We aim to define novel relations between oxidative stress, signalling through PRRs and autophagy in inflammatory diseases, including mycobacterial and HIV infections where the focus is molecular host defence mechanisms involved in immunity to mycobacteria and HIV, and virulence strategies employed by these pathogens to parasitize host cells.

Major achievements

1. Established the role of Lipocalin 2 in urinary tract infection.
2. Established the role of Keap1 as a negative regulator of inflammatory signalling in M. avium infected primary human macrophages.
3. Established that TLR7 and 8 recognize mycobacterial and HIV RNA and induce inflammatory responses from macrophage and T-cell intracellular compartments.
4. Established correlative imaging of infected macrophages at an ultra-high resolution and in 3D using FIB-SEM tomography together with confocal fluorescence microscopy.
5. Established a method for benzoic acid-inducible gene expression in mycobacteria.
6. Established that a novel antimycobacterial compound acts as an iron chelator and identified novel proteins involved in iron metabolism in M. tuberculosis.
7. Established dynamics of M. avium infection in mice and infection models and routines for working with HIV and Mtb in new BSL3 labs.
8. Identified intra-patient mutations in M. avium and established phenotypic differences between the strains.
9. Established an assay for protein secretion by the M. tuberculosis ESX-3 secretion system (for use in drug screens targeting ESX-3).
10. Established the role of lipid metabolism in HIV disease susceptibility and progression.
11. Established that n-3 polyunsaturated fatty acids protect retinal epithelial cells from harmful stress by inducing autophagy and oxidative stress defences.
12. Established that the moderate oxidative stress induced by physiologic concentrations of omega-3 fatty acids is toxic to cancer cells with downregulated autophagy.
13. Established that n-3 polyunsaturated fatty acids in a lipid selective manner dampen LPS induced pro-inflammatory signalling in macrophages.

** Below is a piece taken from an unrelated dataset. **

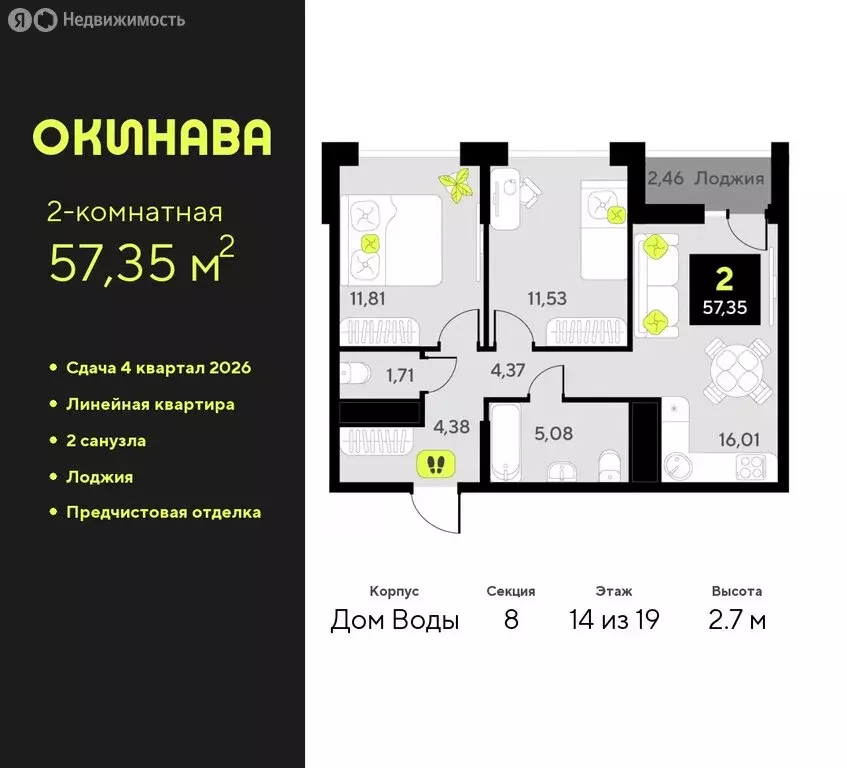 2-комнатная квартира: Тюмень, улица Пожарных и Спасателей, 8 (57.35 м) - Фото 0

14. Established that myeloma cells use different resistance mechanisms towards reversible and irreversible proteasome inhibitors.
15. Founded a basis for identification of novel ATP-competitors targeting macrophage activation.
16. Developed an approach to quantify PI3K signaling in tumour sections obtained prior to and after targeted therapy and correlated the changes with effects on tumour metabolism using MR.